The Corniche is the seafront promenade of Abu Dhabi, with a skyline of skyscrapers, parks and the beach. An almost deserted beach by the time we get there, no wonder. We make the superhuman effort of walking 10 minutes outdoors from a Mall at the food of the World Trade Center to step onto the sand. Just enough to dip our hand in the water, which feels, as we suspected, like soup, before moving on to take the bus toward Yas Island.
The skyline is better appreciated, actually, from the peninsula of Al Kasir or Al Lulu Island, which is just in front. Or at least it would be, without the haze. I imagine there are clear days with a good visibility.
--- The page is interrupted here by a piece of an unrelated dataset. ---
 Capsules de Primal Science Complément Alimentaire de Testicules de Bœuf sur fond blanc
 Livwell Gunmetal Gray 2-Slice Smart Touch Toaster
Here we find the theme parks of the city, like Ferrari World, Waterworld o the Warner park (which is actually an indoors park for obvious reasons). We have a different destination though. The Yas Marina F1 Circuit. The reason: Every Tuesday and Sunday from 6pm the track is open for cyclers, runners and walkers, for free. Bikes are also provided at no cost. You just need to register on the Circuit website to get the barcode that gives you access via mobile phone. It is really a massive event, with a festive atmosphere, where you find all sorts of people, from fully equipped bikers to families, to the occasional tourist on flight transfer, like us. My friend takes a bike, but the heat is too much for me and we have two flights to catch after this, so I just walk a bit. There is music and huge water dispensers to freshen up and to refill bottles – crucial as even when the sun is down, the minimum temperature there in summer is 30 degrees Celsius. And humidity is unforgiving. But it’s fun and I get to step on an F1 track. https://www.yasmarinacircuit.com/en/products/whats-on-track/trainyas/
After the bike ride we walk to the main road to take a taxi to the airport. The driver tells us he does not accept credit cards. We only have like 30 dirhams left from our day in the city but luckily our ride ends up costing 28.
Etihad Airways didn’t have a direct flight to Barcelona yet at the time, so we flew to Rome first, but this time we didn’t leave the airport.
Note: Etihad actually opened the BCN-AUH route just a few months later and funny enough I attended the inaugural ceremony at the Airport and also the first anniversary party one year later, where I received, as a gift, a model of a Dreamliner, like the one that took me and Dani to Rome after this day. I gave it to him, and it is still decorating his living room.